Opinions/Experience on these cams for DD
228r
torquer v2 232/234
ms 3 237/242
im planning on staying cam only for a while and look into heads later when i get another car. i dd this car bout 50 miles and has 145,000k. i probably go 2 times a year to the track so i preffer more street than track and will dyno car after doing cam swap. Hoping to get at least 390 rwhp. Also looking at getting a 3600 stall later in the future. anything is apprehiated
228r
torquer v2 232/234
ms 3 237/242
im planning on staying cam only for a while and look into heads later when i get another car. i dd this car bout 50 miles and has 145,000k. i probably go 2 times a year to the track so i preffer more street than track and will dyno car after doing cam swap.

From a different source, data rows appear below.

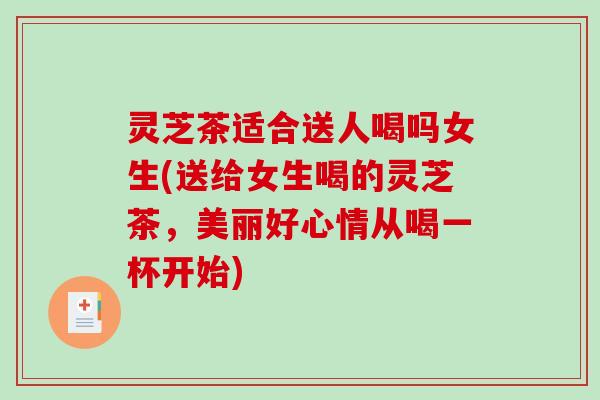 灵芝茶适合送人喝吗女生(送给女生喝的灵芝茶，美丽好心情从喝一杯开始)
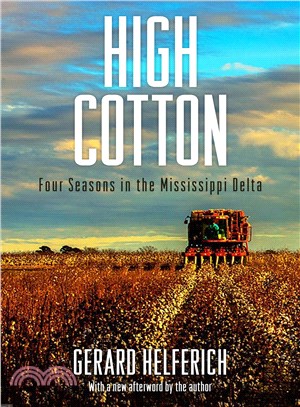 High Cotton ─ Four Seasons in the Mississippi Delta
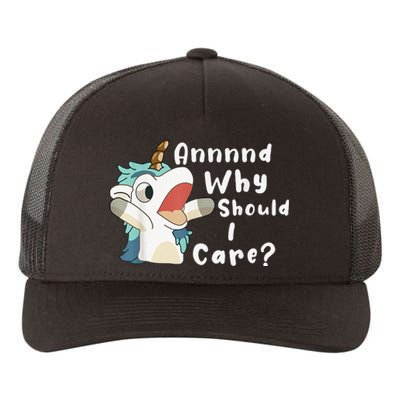 And Why Should I Care Funny Sarcastic Unicorn Yupoong Adult 5-Panel Trucker Hat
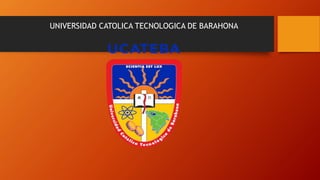 UNIVERSIDAD CATOLICA TECNOLOGICA DE BARAHONA
 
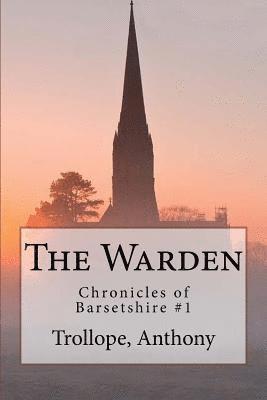 Trollope Anthony, Sir Angels - The Warden: Chronicles of Barsetshire #1, Häftad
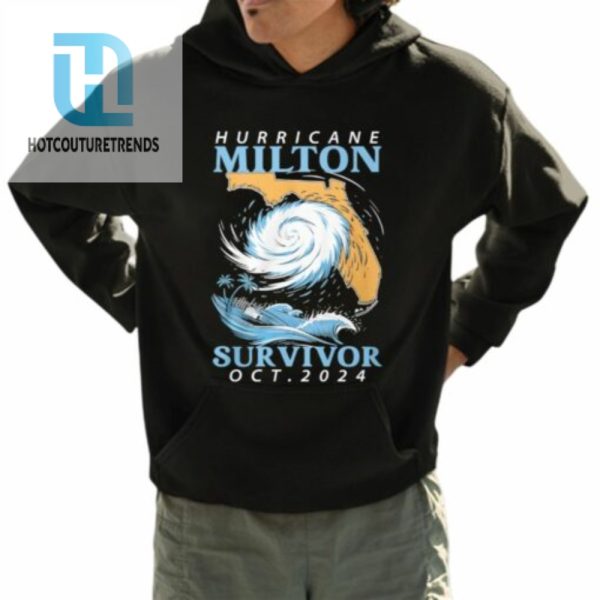 Hurricane Milton Survivor Oct.2024 Shirt hotcouturetrends 1 3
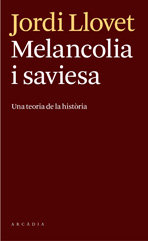 Melancolia i saviesa, de Llovet, Jordi | portada del libro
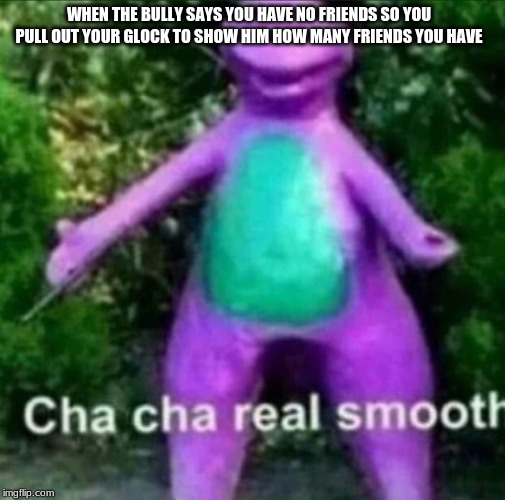 Cha Cha Real Smooth | WHEN THE BULLY SAYS YOU HAVE NO FRIENDS SO YOU PULL OUT YOUR GLOCK TO SHOW HIM HOW MANY FRIENDS YOU HAVE | image tagged in cha cha real smooth | made w/ Imgflip meme maker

Hoping to get at least 390 rwhp. Also looking at getting a 3600 stall later in the future. anything is apprehiated
228r will be a good dailly driver cam. It'll drive almost like stock and give you decent gains.
Torquer v2 will be a very good compromise cam. It will give you very decent gains and still have incredible street manners with the right tune.
ms3 will NOT be a good choice. You'll get the most hp gains and likely hit your 390 rwhp goal but the ls6 intake and stock stall will kill that cams potential. You'll be living with bucking and surging and not have the full gains to justify it.
For a street/strip car with a 4000 stall and fast 90 or better I say go MS3 and never look back. But for a daily driver I recommend one of two setups based on the remaining cam options.
torquer v2, fast 90 or 92 intake/tb combo & 4000 stall
At the end of the day I think this setup will make you the happiest on the street, dyno & track. But the fast 90/92 combo and a 4000 stall will run you a nice chunk of change.228r, 3600 stall & keep the ls6 intake. Great combo for street manners and power under the curve. Just don't expect to break any records on the dyno or at the track.
Good luck.
My cam specs are 224 228, 581 589, LSA 112, and it works great on the street. The bigs cams truly do not reach their potential until after 5,000 RPMs. Thats way too much for a streeter with an automatic.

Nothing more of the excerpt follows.